Ya en el siglo XX, la Teosofía de de Carlos W. Leadbeater reveló un método para clasificar las hadas inspirado en la teoría darwiniana de la evolución.

Leadbeater
sostuvo que existen siete niveles de duendes y hadas. Comenzaron
teniendo una vida mineral hasta evolucionar en bacterias y algas.
Constituyeron hierbas y cereales, reptiles y aves, mar, flora y fauna
hasta convertirse en sílfides y concluir en ángeles.

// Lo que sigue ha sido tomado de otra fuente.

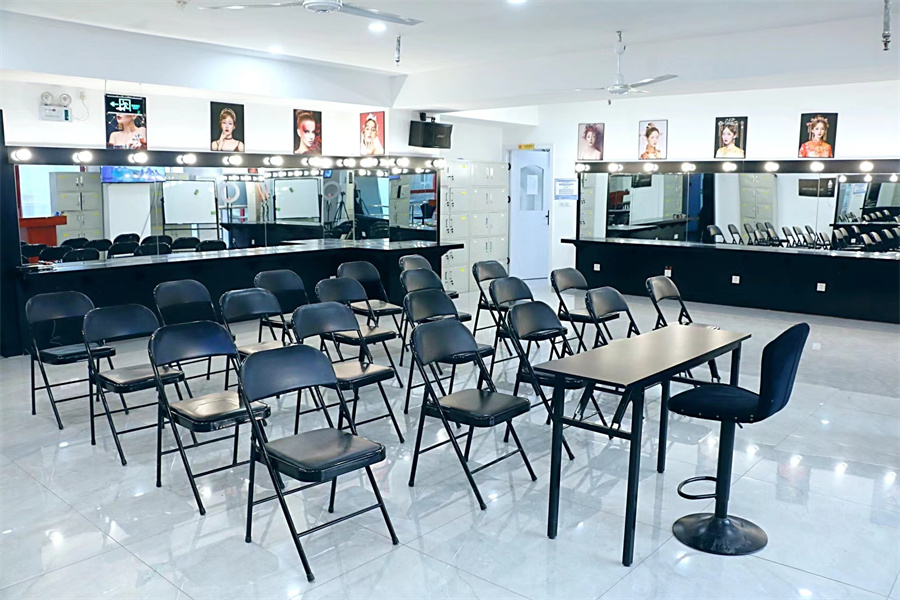 正规学化妆培训学校-形象设计培训中心-美甲美睫培训机构-韩式半永久纹绣培训-重庆美容培训学校.jpg 正规学化妆培训学校-形象设计培训中心-美甲美睫培训机构-韩式半永久纹绣培训-重庆美容培训学校.jpg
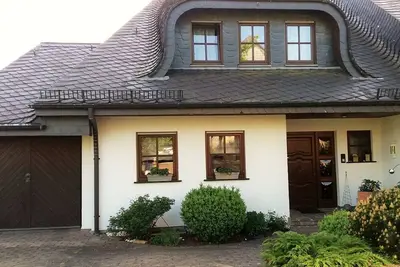 Image de Appartement à Ulmen avec Jardin et Bbq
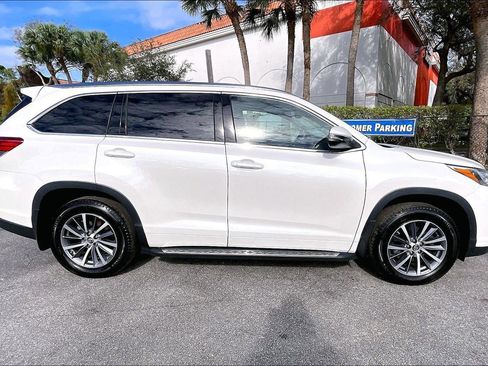 Used 2017 Toyota Highlander XLE image 31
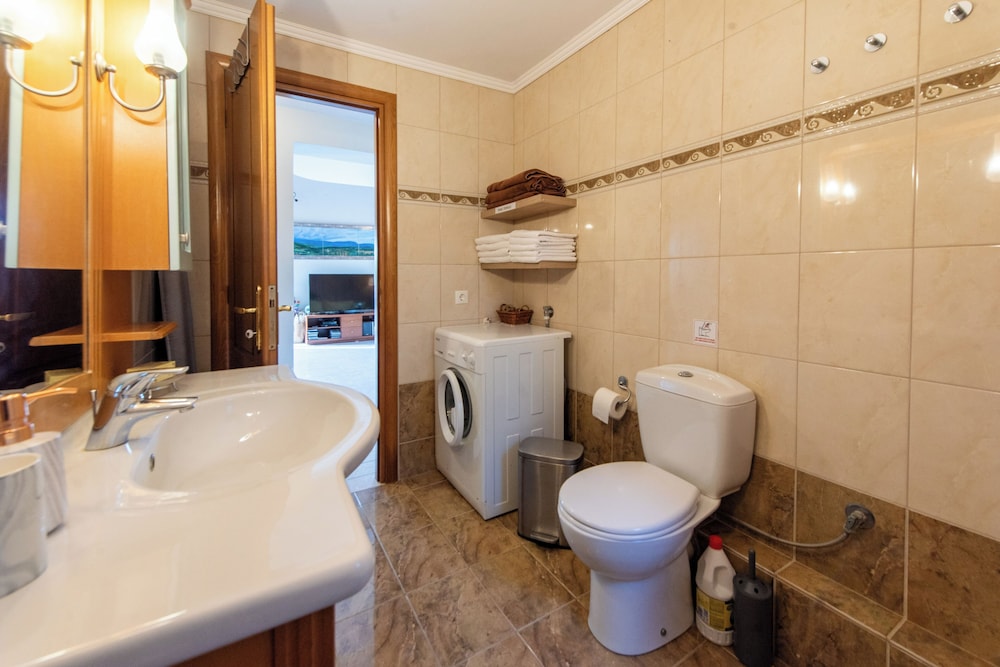 Villa Chloe With Private Pool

Otro teósofo, Edward Garner, consideró que la función de los duendes en la Naturaleza era suministrar un vínculo entre las plantas y la energía solar. 

Por
su parte, el investigador Franz Hartmann consideró que los duendes
formaban parte de la psicología humana: eran seres imaginarios.

Parte
del folclore de los pueblos atribuye a los duendes la costumbre de
burlarse de los humanos (recordemos a Puck, el duende travieso de la
comedia “Sueño de una noche de verano”, escrita por
William Shakespeare). Se cree que ahuyentan el ganado, que hacen llorar
a bebés y niños y que gustan de las damas solteras. Aunque a veces
ayudan a los mortales, por lo general son criaturas fastidiosas que se
ofenden rápido y que pueden resultar peligrosas si se irritan. Las
hadas tienen fama de ser tramposas. 

Se dice que los hombres que hayan entrado por accidente al “Mundo de las Hadas” pueden
terminar sus días atrapados para siempre en su reino. El Folklore está
lleno de relatos “preventivos”, que narran las amenazas de cruzarse con
estos fantásticos seres de la naturaleza.